Un nuovo studio evidenzia un metodo per analizzare il ruolo dell’RNA in risposta ai danni causati al DNA. Il riconoscimento dell’importanza dell’RNA nei processi biologici è in aumento esponenziale. Un tempo considerato semplice messaggero di informazioni tra DNA e proteine, negli ultimi decenni l’RNA ha dimostrato di essere essenziale nella regolazione di diversi processi cellulari, come la modulazione del messaggio genico, la struttura della cromatina e vari aspetti della stabilità genomica direttamente implicata in patologie importanti come i tumori e l’invecchiamento.

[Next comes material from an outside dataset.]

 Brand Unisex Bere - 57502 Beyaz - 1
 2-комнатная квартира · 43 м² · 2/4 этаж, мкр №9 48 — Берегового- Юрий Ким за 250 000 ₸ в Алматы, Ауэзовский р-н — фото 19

Tuttavia, il contributo diretto dell’RNA ad un meccanismo biologico specifico è spesso difficile da analizzare a causa della intrinseca fragilità della molecola. È estremamente utile avere una metodologia rapida ed efficace per testare il coinvolgimento di molecole di RNA in un processo cellulare anche senza necessariamente conoscerne le caratteristiche specifiche o la sequenza esatta.
Il metodo RATaR (RNase A Treatment and Reconstitution), pubblicato sulla rivista Nature Protocols dal gruppo guidato da Sofia Francia e Fabrizio d’Adda di Fagagna dell’Istituto di genetica molecolare ‘Luigi Luca Cavalli-Sforza’ del Consiglio nazionale delle ricerche (Cnr-Igm) e dell’Ifom (Istituto Firc di oncologia molecolare) di Milano, consente di studiare il ruolo dell’RNA nella risposta al danno del DNA.
“In questo metodo, le cellule ancora vive vengono trattate in modo da renderle permeabili e poter manipolare i processi biologici che avvengono al loro interno”, spiega Sofia Francia. “Tramite il trattamento con enzimi che degradano l’RNA è possibile sostituire l’RNA proprio delle cellule con molecole a RNA estratte da altre cellule o sintetizzate chimicamente al fine di studiarne l’attività biologica. Inoltre, l’uso di molecole di RNA fluorescenti impiegate in questa metodologia consente ai ricercatori di visualizzare la loro localizzazione sub-cellulare, correlandola alla funzione biologica”.
“Senza questa tecnologia, descritta in dettaglio per la prima volta in questa pubblicazione, non saremmo riusciti a dimostrare un ruolo dell’RNA nella stabilità genomica”, aggiunge Fabrizio d’Adda di Fagagna.
È facile immaginare possibili usi dello stesso metodo in nuovi ambiti, diversi dalla risposta ai danni causati al DNA. “L’intera procedura – conclude Francia – può essere completata in due ore, non richiede attrezzature speciali né competenze complesse ed è relativamente economica. Ci auspichiamo che questa tecnica si dimostri utile per studiare il contributo dell’RNA in diversi processi cellulari rilevanti”.